First stab at Lake County budget mess ‘just scratching the surface’
By Carrie Napoleon Post-Tribune correspondent September 25, 2012 6:50PM
Updated: October 27, 2012 6:16AM
CROWN POINT — In what officials called a starting point, dramatic first steps were taken Tuesday in an effort to shore up the county’s $4.1 million budget deficit and find up to $17 million more for additional considerations in 2013.
A multifaceted six-step plan that incorporates cuts, borrowing and legislative action was revealed to mixed reviews from council members. Officials took some of the recommended steps but stalled when it came to slashing $1 million from the Lake County Park Department’s budget.
Also on the chopping block but not yet considered is the elimination of 13 police positions that were created in January.
“We are just scratching the surface. Everybody will be hurting by the end of the day if we do everything that is recommended,” said Councilman Michael Repay, D-Hammond. Repay was among the councilmen on the committee tasked with formulating a possible way out of the county’s financial crisis.
Along with the cutting phase of the plan, recommendations call for enacting ordinances to establish a borrowing policy and committee to oversee the county’s borrowing efforts to fund capital projects and create a payback plan. The recommendation also includes calls for action to create an enforce civil unit tax cap control, support legislation to remove the punitive 0 percent growth quotient and remove the supplemental school levy.
Committee members also suggested creating a strategic plan to prioritize activities and investigate additional revenue sources available to the county.
Council President Jerome Prince, D-Gary, said the plan is dramatic but it is the only one that has come before the council in the last three weeks of budget sessions. Prince said council members until this point have not made suggestions, offered solutions or set priorities.
“There are a number of suggestions here. If we aren’t going to accept the plan, does anybody have a plan? We need to move on,” Prince said.
Councilman Ted Bilski, D-Hobart, said the council has already cut the park department’s budget by more than $1 million in the last two years and he would not be willing to do it again.
“This could very possibly put them out of business. It scares me,” Bilski said.
The cut represents $240,000 from the department’s capital project fund and $760,000 in operating expenses, about a third of the department’s operating budget, said Bob Nickovich, CEO of Lake County Parks.
“What type of quality of life are we offering people here in Lake County … are we just going to shut all this down and route everything to criminal justice?” Nickovich said.
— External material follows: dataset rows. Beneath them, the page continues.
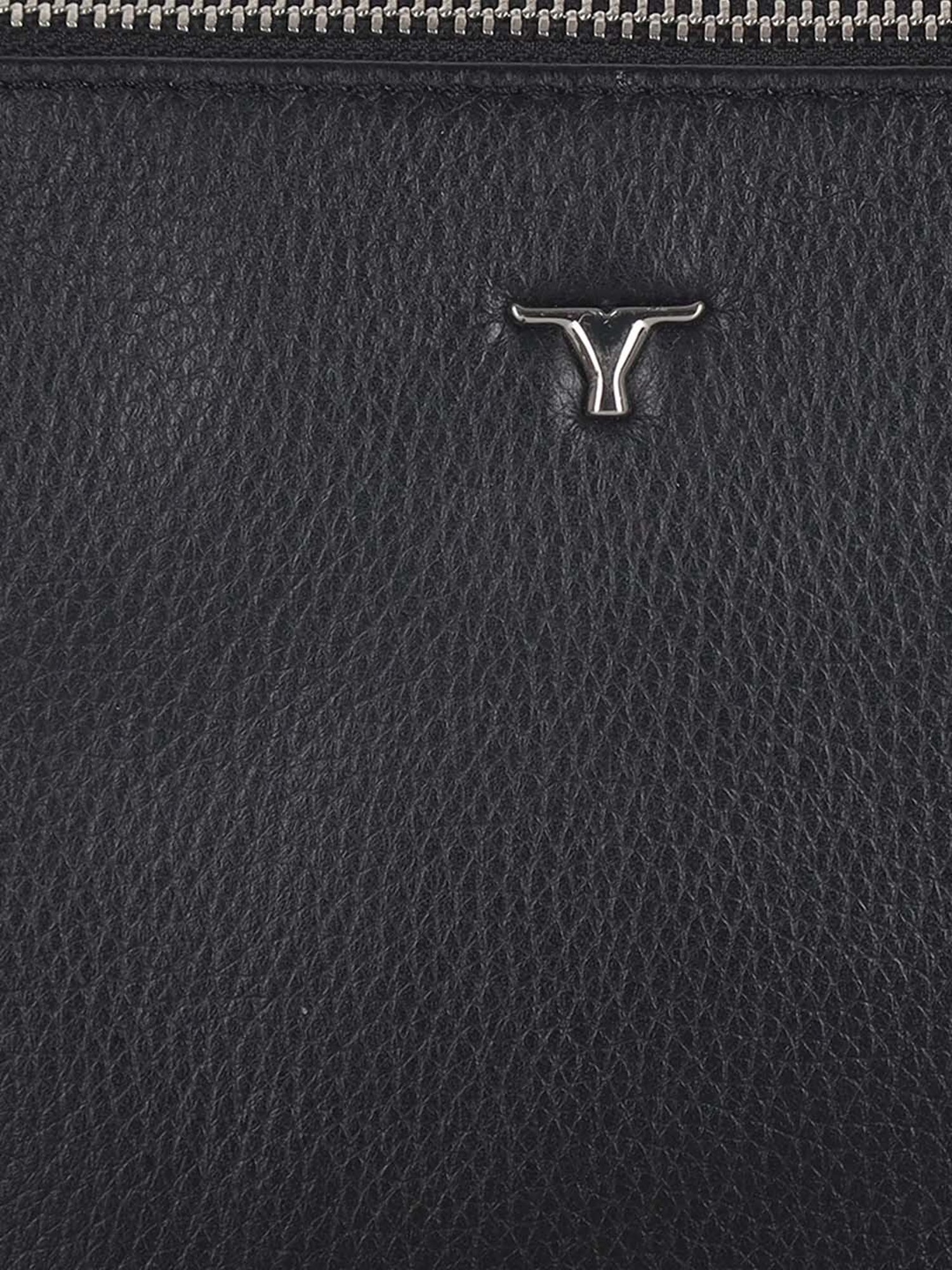 BULCHEE SS 23 Black Solid Small Sling Handbag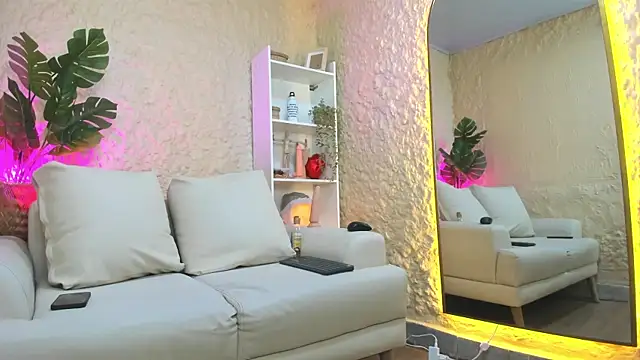 Maofenix online show from February 18, 2025, 11:30 pm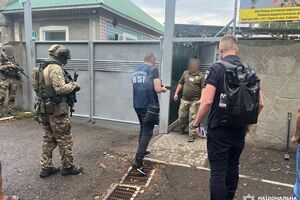 Главе и двум секретарям районной ВВК сообщили о подозрении по семи статьям Уголовного кодекса Украины, отметили в СБУ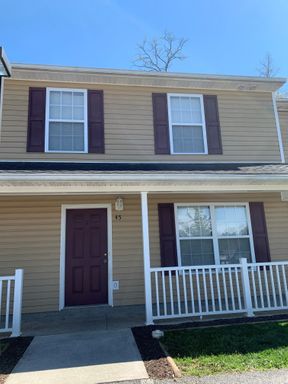 3 Bedroom 2.5 Bath Townhouse – photo 1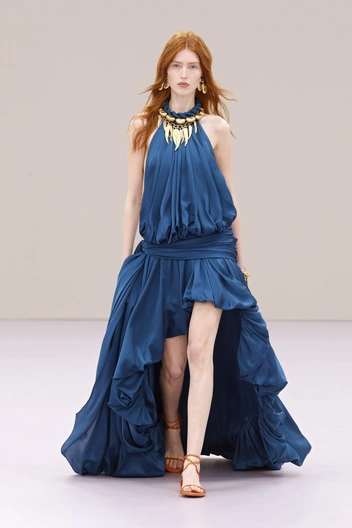 Модные платья на выпускной 2026: бохо-шик, античная классика и театральная роскошь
Officials agreed on first reading to displace the $2 million cumulative bridge fund and $2.1 million liability insurance fund as well as eliminate the $1.6 million drainage levies, the first recommended step of the plan. The levies for those funds will be returned to the general fund.
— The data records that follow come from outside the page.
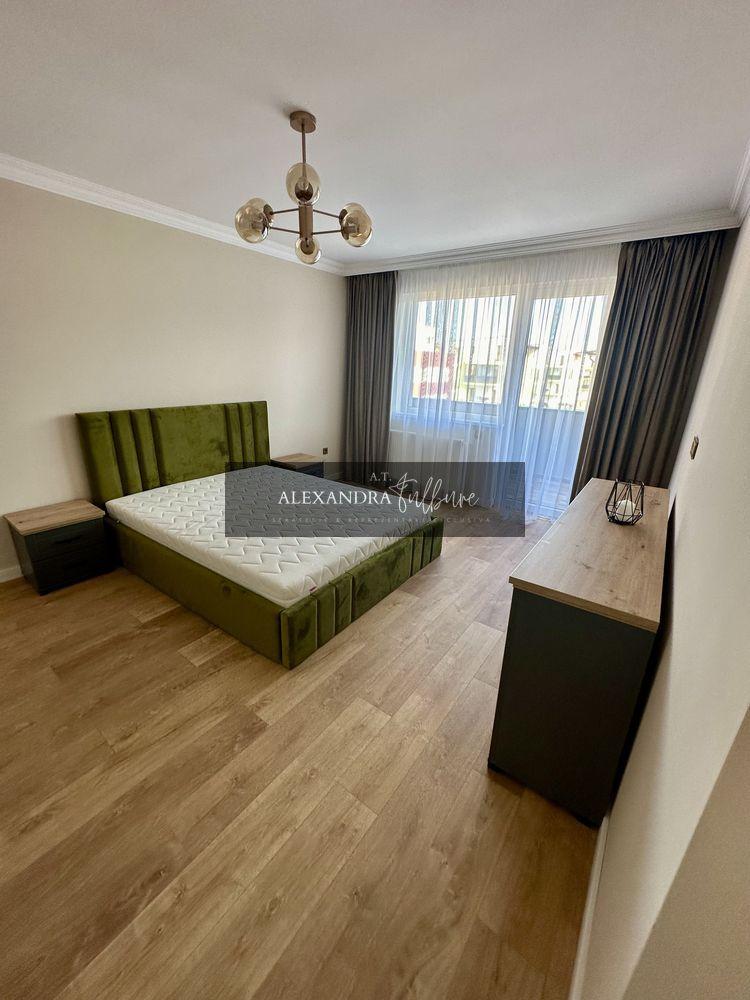 Apartament de vanzare 3 camere decomanda, balcon, parcare - 4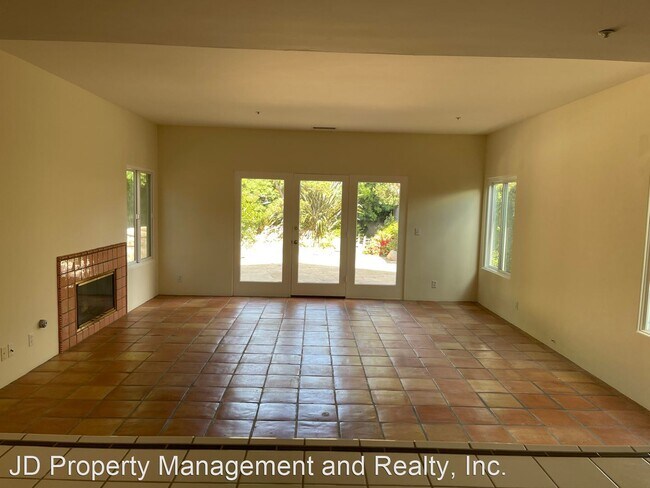 Building Photo - 4 br, 3 bath House - 552 Sheffield Ave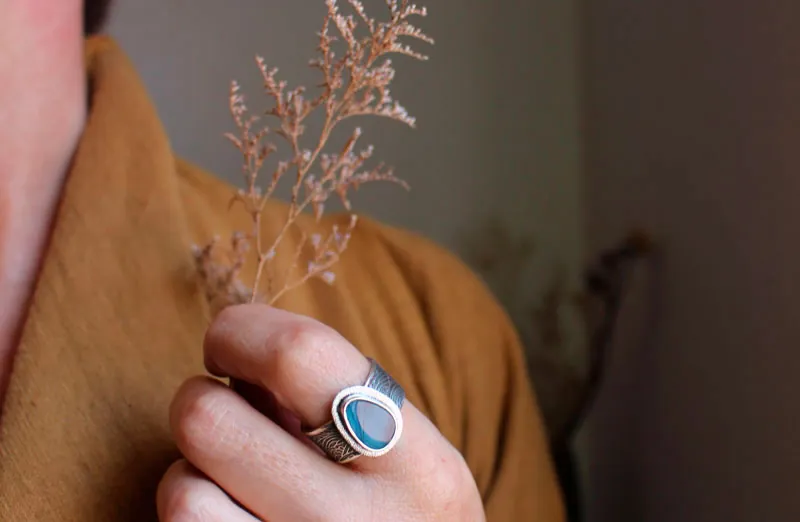 Bajo las luces del polo, anillo ondas boreales en plata y ópalo boulder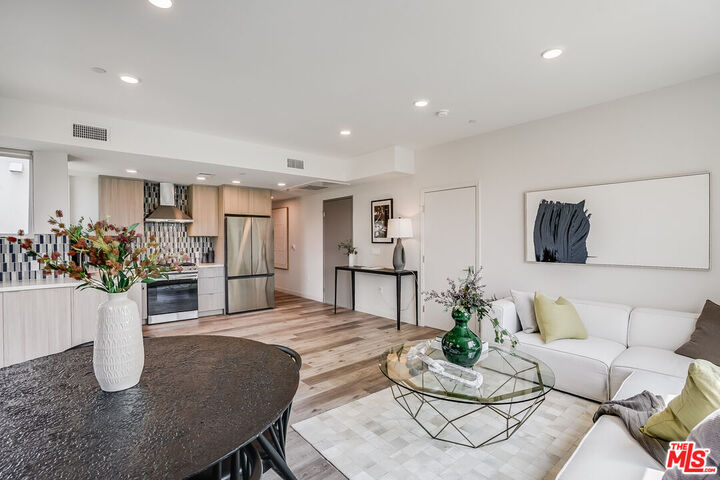Property Photo:  1101 S Bedford St  CA 90035 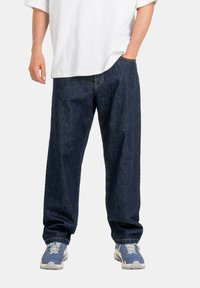 Прямые джинсы Прямые джинсы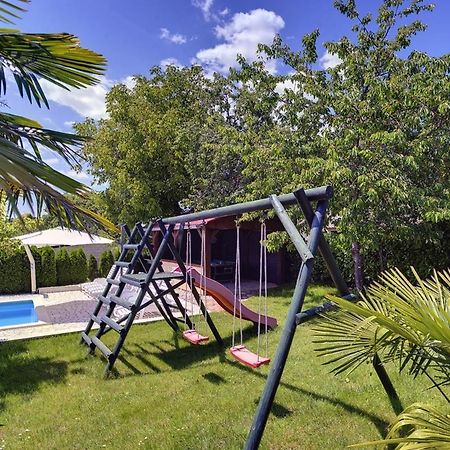 Villa Semy พาซิน ภายนอก รูปภาพ
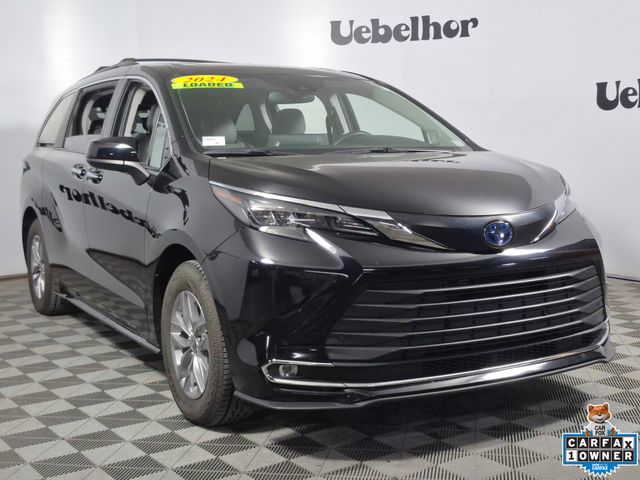 Midnight Black Metallic 2024 Toyota Sienna XLE 7-Passenger AWD Minivan All-Wheel Drive Continuously Variable Transmission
The move was not without dissension. Councilmen Rick Neimeyer, R-Lowell, and Daniel Dernulc, R-Highland, voted against raiding the drainage levies.
Surveyor George Van Til said the council is making a two-fold mistake by stripping the drainage levy. First, he said, the move is prevented by law. Van Til said when the law establishing the drainage levy was created, a provision prohibiting the council from completely eliminating it was created.
Van Til said the move also would prevent his office from maintaining the 600 miles of drainage ditches within the county putting at risk the more than $14 million invested in various projects since he took office.